The mechanical properties including tensile strength and tensile modulus of different blended systems are shown in Figure 6. and Table 5. The results show that the TTM-1 system exhibited a tensile strength as high as 137.7 MPa and a tensile modulus of 4.96 GPa. The TTM-1 system displayed a significantly higher tensile strength when compared to the optimized systems (vs. TTM-3: ** p = 0.01; vs. TTM-5: * p = 0.004; vs. TEA: * p = 0.015). The results showed that the tensile strength of the TTM-1 system was as high as 137.7 MPa and the tensile modulus was 4.96 GPa. This is in agreement with the above DMA results, showing that TTM-1 has a dense crosslinked network. The equilibrium structure of the rigid benzene ring and flexible alkyl chain increased the load-bearing capacity and stress dissipation ability. However, increasing the DETDA content in TTM systems led to a reduction in the crosslinking density, as indicated by a decreasing bulk density from 1.30 (TTM-1) to 1.28 g/cm³ (TTM-5) as per the Fox–Flory free volume theory [26]. In conjunction with the viscosity test, a higher content of DETDA reduced the zero-shear viscosity of the resin system, accelerated the early flow, and reduced the final crosslink density. As a result, the tensile strength and tensile modulus of TTM systems experienced a gradual reduction. Specifically, TTM-3 and TTM-5 showed progressively lower tensile strengths of 125.6 and 115.8 MPa, respectively, along with a slightly reduced tensile modulus of 4.67 and 4.61 GPa.

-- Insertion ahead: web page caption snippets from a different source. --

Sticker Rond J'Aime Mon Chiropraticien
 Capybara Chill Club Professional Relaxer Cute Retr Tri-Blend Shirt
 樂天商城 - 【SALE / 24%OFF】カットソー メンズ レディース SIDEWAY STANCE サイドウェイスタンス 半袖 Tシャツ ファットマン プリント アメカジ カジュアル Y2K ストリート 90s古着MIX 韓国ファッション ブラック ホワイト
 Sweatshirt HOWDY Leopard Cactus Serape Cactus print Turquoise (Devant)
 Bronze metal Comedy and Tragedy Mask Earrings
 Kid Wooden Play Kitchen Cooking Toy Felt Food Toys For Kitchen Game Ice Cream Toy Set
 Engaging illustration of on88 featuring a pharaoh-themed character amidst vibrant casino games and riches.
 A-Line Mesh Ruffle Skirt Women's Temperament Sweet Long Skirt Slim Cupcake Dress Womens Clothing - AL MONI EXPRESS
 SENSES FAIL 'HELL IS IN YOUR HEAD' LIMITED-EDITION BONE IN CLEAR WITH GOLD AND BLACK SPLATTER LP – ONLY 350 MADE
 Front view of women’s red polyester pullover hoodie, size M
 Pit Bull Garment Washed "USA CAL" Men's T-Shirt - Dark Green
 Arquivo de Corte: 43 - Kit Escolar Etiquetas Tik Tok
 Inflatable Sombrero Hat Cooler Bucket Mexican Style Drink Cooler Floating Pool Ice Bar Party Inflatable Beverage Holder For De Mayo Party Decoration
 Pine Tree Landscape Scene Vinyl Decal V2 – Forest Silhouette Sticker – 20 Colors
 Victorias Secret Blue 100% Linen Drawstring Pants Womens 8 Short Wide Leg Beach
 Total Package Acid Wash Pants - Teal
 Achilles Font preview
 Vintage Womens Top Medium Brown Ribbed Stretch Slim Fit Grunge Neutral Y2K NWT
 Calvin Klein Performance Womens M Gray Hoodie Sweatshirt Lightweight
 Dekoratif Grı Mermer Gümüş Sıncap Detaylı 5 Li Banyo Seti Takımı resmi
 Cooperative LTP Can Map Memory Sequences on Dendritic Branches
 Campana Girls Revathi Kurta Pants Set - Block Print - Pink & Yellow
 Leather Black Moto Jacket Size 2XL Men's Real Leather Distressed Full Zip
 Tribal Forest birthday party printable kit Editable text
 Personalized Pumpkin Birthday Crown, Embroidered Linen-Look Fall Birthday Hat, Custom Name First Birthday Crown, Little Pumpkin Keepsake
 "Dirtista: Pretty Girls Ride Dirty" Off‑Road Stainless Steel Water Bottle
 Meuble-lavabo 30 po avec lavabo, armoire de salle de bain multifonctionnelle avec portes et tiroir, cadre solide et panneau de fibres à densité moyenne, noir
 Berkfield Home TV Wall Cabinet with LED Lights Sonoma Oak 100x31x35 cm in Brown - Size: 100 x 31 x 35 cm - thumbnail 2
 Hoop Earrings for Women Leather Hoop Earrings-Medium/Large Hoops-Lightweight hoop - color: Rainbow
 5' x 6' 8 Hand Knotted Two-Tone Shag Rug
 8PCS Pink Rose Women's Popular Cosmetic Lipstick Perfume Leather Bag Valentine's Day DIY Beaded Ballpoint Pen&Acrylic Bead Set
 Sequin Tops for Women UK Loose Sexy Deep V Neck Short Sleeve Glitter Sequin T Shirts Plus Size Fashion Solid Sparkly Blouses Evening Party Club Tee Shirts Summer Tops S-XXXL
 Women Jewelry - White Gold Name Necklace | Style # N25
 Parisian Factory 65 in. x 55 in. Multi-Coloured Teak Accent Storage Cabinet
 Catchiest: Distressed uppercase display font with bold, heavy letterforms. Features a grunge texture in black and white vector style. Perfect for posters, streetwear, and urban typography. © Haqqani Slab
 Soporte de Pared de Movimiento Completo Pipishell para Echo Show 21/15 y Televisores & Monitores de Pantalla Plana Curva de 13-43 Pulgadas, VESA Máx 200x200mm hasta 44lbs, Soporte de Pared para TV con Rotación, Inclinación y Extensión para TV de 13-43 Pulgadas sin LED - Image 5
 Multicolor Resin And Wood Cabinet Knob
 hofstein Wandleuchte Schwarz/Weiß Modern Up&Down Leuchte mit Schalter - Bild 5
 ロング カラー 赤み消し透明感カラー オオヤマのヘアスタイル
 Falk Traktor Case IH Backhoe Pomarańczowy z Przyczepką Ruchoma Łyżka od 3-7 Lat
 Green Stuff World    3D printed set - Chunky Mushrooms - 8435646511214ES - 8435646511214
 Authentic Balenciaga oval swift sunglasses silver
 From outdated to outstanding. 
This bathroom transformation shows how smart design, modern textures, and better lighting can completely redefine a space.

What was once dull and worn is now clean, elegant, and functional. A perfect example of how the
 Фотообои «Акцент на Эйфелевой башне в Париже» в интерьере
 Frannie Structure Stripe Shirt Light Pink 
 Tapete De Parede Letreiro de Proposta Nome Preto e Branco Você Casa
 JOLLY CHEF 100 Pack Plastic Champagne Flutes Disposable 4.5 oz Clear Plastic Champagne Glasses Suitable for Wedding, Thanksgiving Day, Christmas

In contrast, the TDM system, with its double benzene ring structure, formed a high-density rigid crosslinking network (1.32 g/cm³), resulting in the highest tensile modulus (5.06 GPa) and T_g (253.1 °C) among the studied systems. Despite its structural rigidity, TDM’s tensile strength (134.2 MPa) showed no significant difference from TTM-1 (p = 0.176), likely due to the stress concentration caused by limited chain mobility under high viscosity. The TEA system, with a tensile strength of 124.7 MPa and a tensile modulus of 4.71 GPa, exhibited relatively lower mechanical properties when compared to TDM and TTM-1, and this was attributed to the flexible aliphatic chains of TETA that reduced the overall rigidity and strength of the crosslinked network. These results establish a mechanistic link between the curing agent structure, thermal property, viscosity, and mechanical performance. Adjusting the balance between the rigid modulus region and flexible energy dissipation region is a key design parameter for customizing high-performance epoxy composites.

In addition to the above observations, Table 5 compares the mechanical and thermal properties of the cured resins with data from the recent literature. A comparative analysis of the data demonstrates the value of using the reverse engineering design method based on the AI polymer platform to develop resins with high modulus and high strength as well as excellent thermal properties.

4. Conclusions

In this work, a hybrid epoxy resin system with superior mechanical properties and processability was developed with the aid of the AI polymer platform, as confirmed by the experimental validations. The tensile strength and tensile modulus of the TDE-85 epoxy resin systems with different types of curing agents exceeded 100 MPa and 4.0 GPa, respectively, surpassing the requirements for preparing advanced composites. In addition, the TDM system exhibited a remarkable tensile strength of 132.6 MPa and a tensile modulus of 5.0 GPa along with a T_g of 253.1 °C, which is suitable for high-temperature applications. The TEA system achieved a tensile strength of 124.7 MPa and a tensile modulus of 4.7 GPa with a T_g of 185.1 °C. This work provides a facile approach to developing high strength and high modulus epoxy resin systems using the reverse design of molecular structure based on material genome and machine learning approach. The “structure-process-performance” framework which was constructed via the AI polymer platform provided a solid foundation for the rational design of a resin system, paving the way for future advancements that require robust performance. Based on the above findings, the preparation of high-performance carbon-fiber-reinforced epoxy composites is underway and will be reported in future work.